Many photographers utilize cameras that can boost the gain, effectively increasing the sensitivity of each pixel to light. Shorter exposures are possible, but the amount of noise in each frame substantially increases. Image quality can be improved using denoising techniques in noisy photos.

 A lot of deep denoising algorithms have been developed over time. While effective for some denoising applications, most of these methods rely on a simple noise model (Gaussian or Poisson-Gaussian noise), which is ineffective in extremely low-light conditions. When using a high sensor gain in low-light photos, the noise is frequently non-Gaussian, non-linear, sensor-specific, and difficult to predict or characterize.
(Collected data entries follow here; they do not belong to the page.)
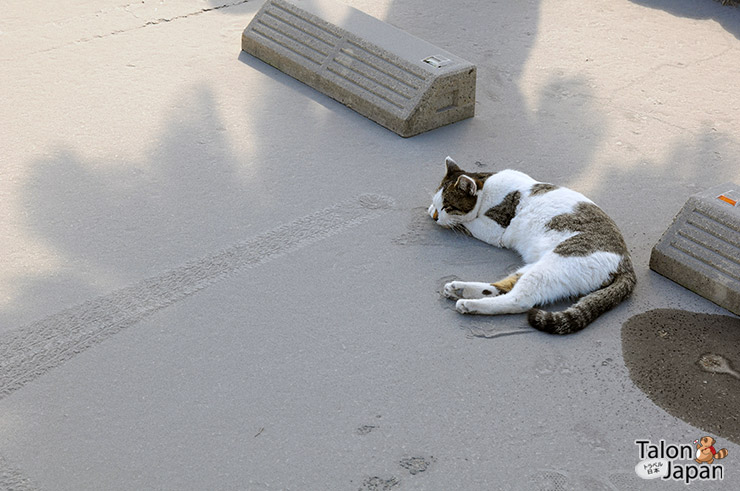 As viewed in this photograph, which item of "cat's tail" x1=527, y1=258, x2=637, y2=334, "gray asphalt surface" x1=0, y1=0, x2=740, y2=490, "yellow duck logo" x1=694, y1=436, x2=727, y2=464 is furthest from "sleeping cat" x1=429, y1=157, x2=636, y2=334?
"yellow duck logo" x1=694, y1=436, x2=727, y2=464

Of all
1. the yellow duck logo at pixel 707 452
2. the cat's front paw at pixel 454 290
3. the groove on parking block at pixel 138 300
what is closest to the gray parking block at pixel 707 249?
the yellow duck logo at pixel 707 452

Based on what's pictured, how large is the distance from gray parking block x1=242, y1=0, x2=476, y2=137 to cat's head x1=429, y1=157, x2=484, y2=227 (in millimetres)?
1077

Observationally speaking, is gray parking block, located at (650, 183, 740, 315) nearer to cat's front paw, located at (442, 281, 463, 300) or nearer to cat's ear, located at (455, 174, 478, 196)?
cat's ear, located at (455, 174, 478, 196)

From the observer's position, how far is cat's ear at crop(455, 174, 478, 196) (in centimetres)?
459

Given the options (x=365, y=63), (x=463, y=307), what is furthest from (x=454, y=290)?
(x=365, y=63)

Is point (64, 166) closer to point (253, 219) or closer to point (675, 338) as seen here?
point (253, 219)

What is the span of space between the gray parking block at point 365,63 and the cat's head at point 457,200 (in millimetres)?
1077

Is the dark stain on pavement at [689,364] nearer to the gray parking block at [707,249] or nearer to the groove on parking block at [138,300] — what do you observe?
the gray parking block at [707,249]

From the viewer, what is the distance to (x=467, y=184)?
4.62 meters

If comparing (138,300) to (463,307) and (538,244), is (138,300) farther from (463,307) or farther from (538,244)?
(538,244)

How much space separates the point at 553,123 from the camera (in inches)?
239

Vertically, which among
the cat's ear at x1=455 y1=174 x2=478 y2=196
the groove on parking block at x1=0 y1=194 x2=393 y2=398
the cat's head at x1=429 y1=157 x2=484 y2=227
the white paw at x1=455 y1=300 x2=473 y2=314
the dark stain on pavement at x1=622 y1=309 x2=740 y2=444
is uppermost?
the cat's ear at x1=455 y1=174 x2=478 y2=196

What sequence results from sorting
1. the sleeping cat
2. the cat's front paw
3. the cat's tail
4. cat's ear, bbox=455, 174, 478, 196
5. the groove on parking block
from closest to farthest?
the groove on parking block < the cat's tail < the sleeping cat < the cat's front paw < cat's ear, bbox=455, 174, 478, 196

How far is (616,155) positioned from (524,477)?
305 cm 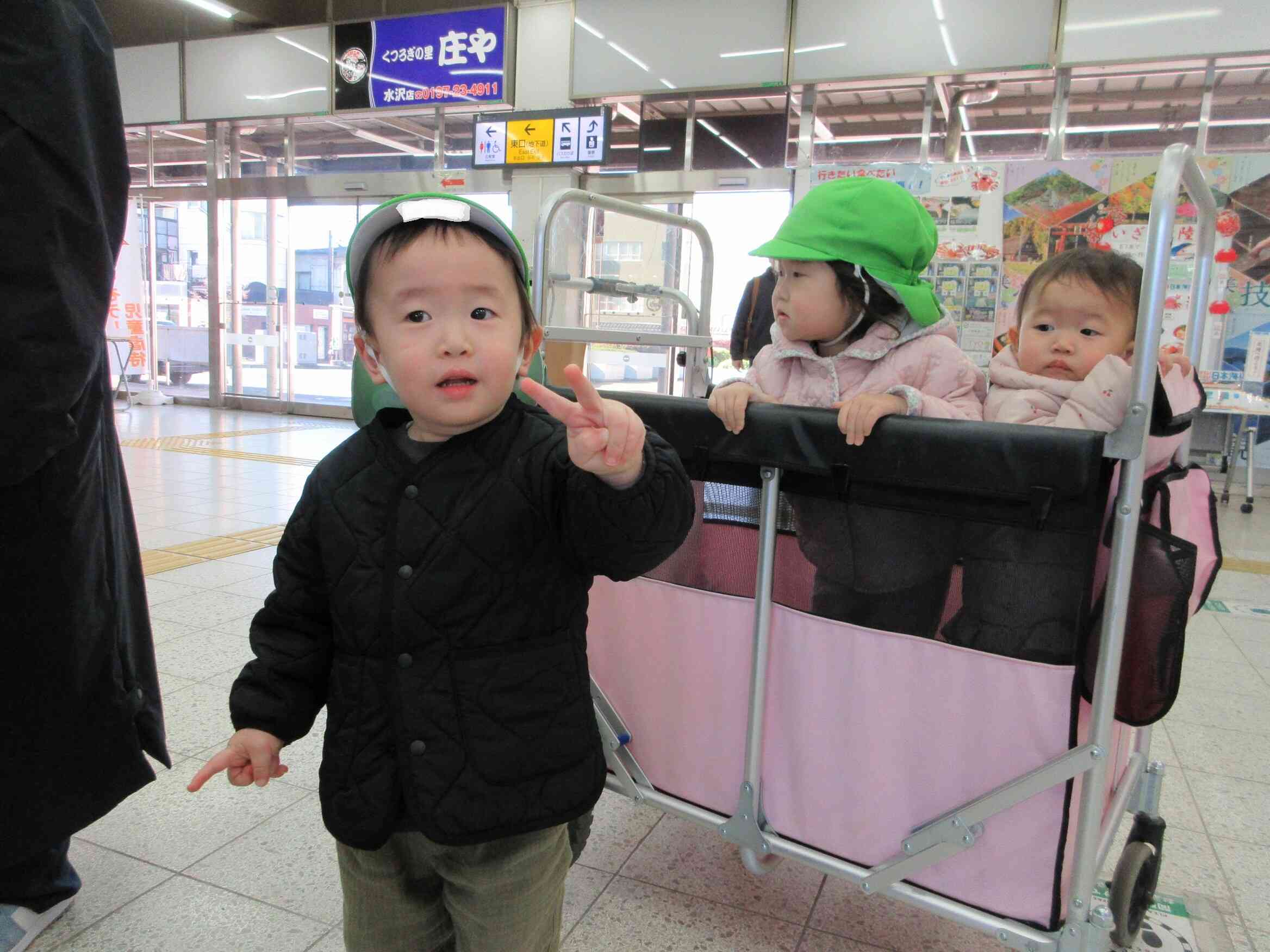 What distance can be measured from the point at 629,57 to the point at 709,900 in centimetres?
736

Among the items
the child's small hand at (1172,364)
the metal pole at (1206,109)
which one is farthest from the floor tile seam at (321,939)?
the metal pole at (1206,109)

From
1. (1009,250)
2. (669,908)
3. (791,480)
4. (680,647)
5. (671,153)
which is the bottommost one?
(669,908)

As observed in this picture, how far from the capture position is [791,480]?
1312 mm

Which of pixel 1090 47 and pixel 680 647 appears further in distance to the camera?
pixel 1090 47

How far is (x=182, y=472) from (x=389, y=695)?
232 inches

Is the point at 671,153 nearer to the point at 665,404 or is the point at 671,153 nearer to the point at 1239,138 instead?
the point at 1239,138

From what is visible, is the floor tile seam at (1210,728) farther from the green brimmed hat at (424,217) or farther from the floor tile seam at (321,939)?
the green brimmed hat at (424,217)

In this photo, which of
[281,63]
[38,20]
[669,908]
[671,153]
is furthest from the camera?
[281,63]

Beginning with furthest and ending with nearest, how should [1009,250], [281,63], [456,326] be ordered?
[281,63], [1009,250], [456,326]

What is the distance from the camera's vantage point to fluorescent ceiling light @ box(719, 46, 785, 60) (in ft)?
23.0

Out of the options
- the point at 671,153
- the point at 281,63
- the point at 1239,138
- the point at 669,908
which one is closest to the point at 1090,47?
the point at 1239,138

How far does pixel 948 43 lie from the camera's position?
651 centimetres

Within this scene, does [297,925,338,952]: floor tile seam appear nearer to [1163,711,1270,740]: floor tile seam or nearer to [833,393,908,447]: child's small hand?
[833,393,908,447]: child's small hand

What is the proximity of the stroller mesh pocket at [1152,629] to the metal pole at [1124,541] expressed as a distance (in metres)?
0.02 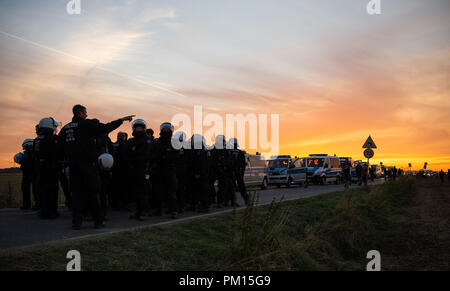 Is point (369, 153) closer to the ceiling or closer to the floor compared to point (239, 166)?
closer to the ceiling

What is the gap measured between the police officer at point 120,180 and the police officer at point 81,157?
397 cm

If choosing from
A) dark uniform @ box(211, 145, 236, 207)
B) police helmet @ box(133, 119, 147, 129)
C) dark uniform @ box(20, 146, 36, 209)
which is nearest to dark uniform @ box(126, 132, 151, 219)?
police helmet @ box(133, 119, 147, 129)

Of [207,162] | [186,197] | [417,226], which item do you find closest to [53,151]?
[207,162]

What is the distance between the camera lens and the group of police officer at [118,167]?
8.67m

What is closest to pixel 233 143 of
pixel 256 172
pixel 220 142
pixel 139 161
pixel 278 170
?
pixel 220 142

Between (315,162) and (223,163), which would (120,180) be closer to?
(223,163)

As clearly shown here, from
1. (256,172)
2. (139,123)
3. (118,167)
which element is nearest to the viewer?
(139,123)

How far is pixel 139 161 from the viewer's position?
10109 millimetres

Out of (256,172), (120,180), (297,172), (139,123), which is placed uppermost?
(139,123)

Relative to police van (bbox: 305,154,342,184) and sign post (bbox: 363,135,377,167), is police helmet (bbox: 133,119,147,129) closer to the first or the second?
sign post (bbox: 363,135,377,167)

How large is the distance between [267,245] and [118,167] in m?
8.03

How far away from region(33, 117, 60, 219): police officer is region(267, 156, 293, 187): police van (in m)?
22.8

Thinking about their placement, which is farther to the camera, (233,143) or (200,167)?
(233,143)

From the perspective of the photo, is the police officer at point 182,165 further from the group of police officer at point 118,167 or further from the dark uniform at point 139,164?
the dark uniform at point 139,164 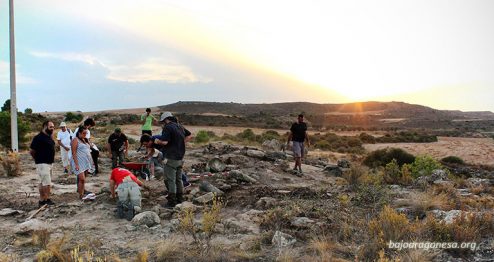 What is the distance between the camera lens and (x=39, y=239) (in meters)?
6.42

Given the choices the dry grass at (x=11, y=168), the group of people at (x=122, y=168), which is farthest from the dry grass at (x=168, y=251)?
the dry grass at (x=11, y=168)

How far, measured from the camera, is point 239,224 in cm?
750

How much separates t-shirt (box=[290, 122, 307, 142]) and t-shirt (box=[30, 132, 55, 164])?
25.3ft

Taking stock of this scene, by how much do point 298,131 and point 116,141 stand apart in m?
5.94

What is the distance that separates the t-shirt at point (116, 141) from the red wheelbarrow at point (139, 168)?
3.22 ft

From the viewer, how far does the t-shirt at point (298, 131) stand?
1374cm

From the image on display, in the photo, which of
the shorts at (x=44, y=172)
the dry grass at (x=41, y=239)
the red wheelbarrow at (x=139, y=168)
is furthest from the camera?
the red wheelbarrow at (x=139, y=168)

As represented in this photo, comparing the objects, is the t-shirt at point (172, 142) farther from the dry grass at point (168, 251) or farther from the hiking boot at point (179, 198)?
the dry grass at point (168, 251)

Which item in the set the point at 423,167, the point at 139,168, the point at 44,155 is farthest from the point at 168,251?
the point at 423,167

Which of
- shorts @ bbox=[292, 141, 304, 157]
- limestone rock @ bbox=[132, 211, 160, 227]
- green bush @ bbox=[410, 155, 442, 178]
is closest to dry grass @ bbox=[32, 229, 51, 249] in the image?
limestone rock @ bbox=[132, 211, 160, 227]

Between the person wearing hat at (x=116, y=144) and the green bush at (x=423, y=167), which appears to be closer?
the person wearing hat at (x=116, y=144)

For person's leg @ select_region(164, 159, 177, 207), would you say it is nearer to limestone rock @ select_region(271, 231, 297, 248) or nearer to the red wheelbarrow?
limestone rock @ select_region(271, 231, 297, 248)

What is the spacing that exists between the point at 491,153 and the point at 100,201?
36191 millimetres

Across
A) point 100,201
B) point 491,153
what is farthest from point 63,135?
point 491,153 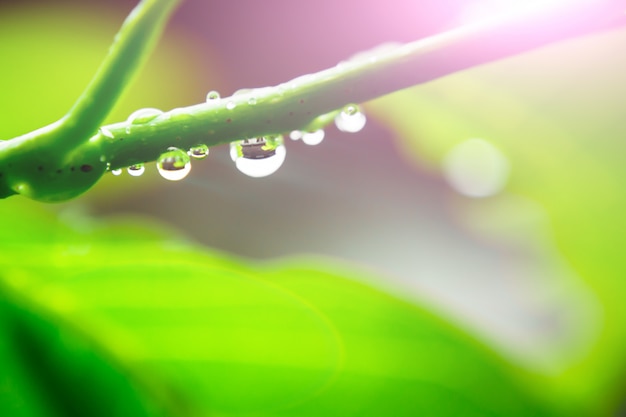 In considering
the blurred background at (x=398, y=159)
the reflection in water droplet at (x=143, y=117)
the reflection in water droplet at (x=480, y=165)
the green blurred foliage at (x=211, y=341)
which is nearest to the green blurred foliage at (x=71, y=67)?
the blurred background at (x=398, y=159)

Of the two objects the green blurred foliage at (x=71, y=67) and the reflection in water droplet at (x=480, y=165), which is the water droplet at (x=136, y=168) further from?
the reflection in water droplet at (x=480, y=165)

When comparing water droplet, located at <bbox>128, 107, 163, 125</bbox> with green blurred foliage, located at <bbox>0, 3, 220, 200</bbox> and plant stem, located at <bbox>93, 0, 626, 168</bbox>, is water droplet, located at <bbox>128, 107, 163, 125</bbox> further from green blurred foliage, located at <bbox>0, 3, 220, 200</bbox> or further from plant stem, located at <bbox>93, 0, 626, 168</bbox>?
green blurred foliage, located at <bbox>0, 3, 220, 200</bbox>

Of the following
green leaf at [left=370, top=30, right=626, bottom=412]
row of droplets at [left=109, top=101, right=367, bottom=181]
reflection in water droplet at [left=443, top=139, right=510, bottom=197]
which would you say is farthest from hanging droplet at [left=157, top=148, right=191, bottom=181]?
reflection in water droplet at [left=443, top=139, right=510, bottom=197]

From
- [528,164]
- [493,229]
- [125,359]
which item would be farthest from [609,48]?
[125,359]

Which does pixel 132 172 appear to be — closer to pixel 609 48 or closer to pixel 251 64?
pixel 609 48

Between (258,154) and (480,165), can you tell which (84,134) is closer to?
(258,154)

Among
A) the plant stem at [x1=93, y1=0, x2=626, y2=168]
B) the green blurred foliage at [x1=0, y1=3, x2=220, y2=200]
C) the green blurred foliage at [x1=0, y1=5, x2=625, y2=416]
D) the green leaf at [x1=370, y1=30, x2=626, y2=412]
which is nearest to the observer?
the plant stem at [x1=93, y1=0, x2=626, y2=168]

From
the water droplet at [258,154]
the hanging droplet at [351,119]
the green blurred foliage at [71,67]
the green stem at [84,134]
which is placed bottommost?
the green stem at [84,134] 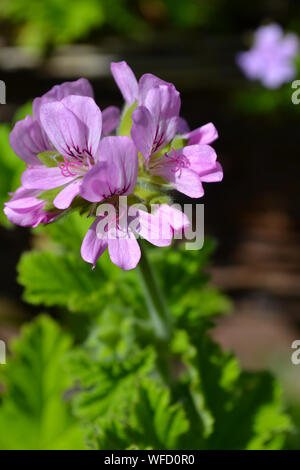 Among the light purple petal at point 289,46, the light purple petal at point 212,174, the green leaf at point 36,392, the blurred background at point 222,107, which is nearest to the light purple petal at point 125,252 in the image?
the light purple petal at point 212,174

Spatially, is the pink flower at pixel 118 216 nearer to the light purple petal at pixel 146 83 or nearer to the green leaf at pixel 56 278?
the light purple petal at pixel 146 83

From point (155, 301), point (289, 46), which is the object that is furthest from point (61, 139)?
point (289, 46)

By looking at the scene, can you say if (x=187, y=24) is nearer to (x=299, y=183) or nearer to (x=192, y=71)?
(x=192, y=71)

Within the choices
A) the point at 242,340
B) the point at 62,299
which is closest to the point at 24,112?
the point at 62,299

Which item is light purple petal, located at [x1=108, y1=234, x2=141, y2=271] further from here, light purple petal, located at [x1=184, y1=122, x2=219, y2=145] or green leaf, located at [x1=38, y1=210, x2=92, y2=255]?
green leaf, located at [x1=38, y1=210, x2=92, y2=255]

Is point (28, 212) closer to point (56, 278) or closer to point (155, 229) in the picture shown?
point (155, 229) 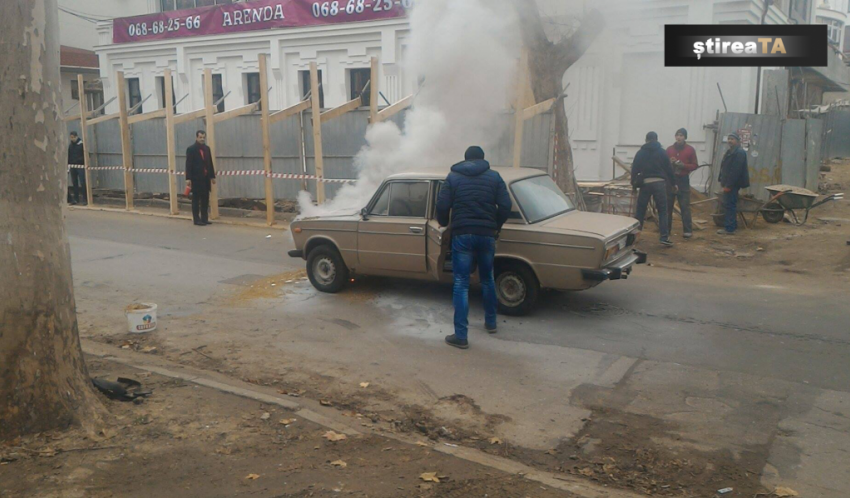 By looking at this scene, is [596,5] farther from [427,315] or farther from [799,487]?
[799,487]

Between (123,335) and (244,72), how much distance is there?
57.3ft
Denoising algorithms may fail if they don’t comprehend the noise structure in the images, mistaking the structured noise for a signal.

A recent paper, “Dancing Under the Stars: Video Denoising in Starlight,” published by UC Berkeley and Intel Labs team, uses a GAN-tuned, physics-based noise model that represents camera noise in low light circumstances and trains a unique denoiser that achieves photorealistic video denoising in starlight for the first time.

A bright day produces roughly 100 kilolux of lighting, whereas moonlight produces just about 1 lux. The researchers lowered their aims a few magnitudes lower, aiming for sub-millilux (starlight only) video denoising.

This is achieved by:

1. Setting the maximum gain level on a high-quality CMOS camera specialized for low-light images

2. A physics-inspired noise generator and easy-to-obtain still noisy pictures from the camera helped them learn the camera’s noise model.

3. They used the noise model’s produced synthetic clean/noisy video pairings to train their video denoiser.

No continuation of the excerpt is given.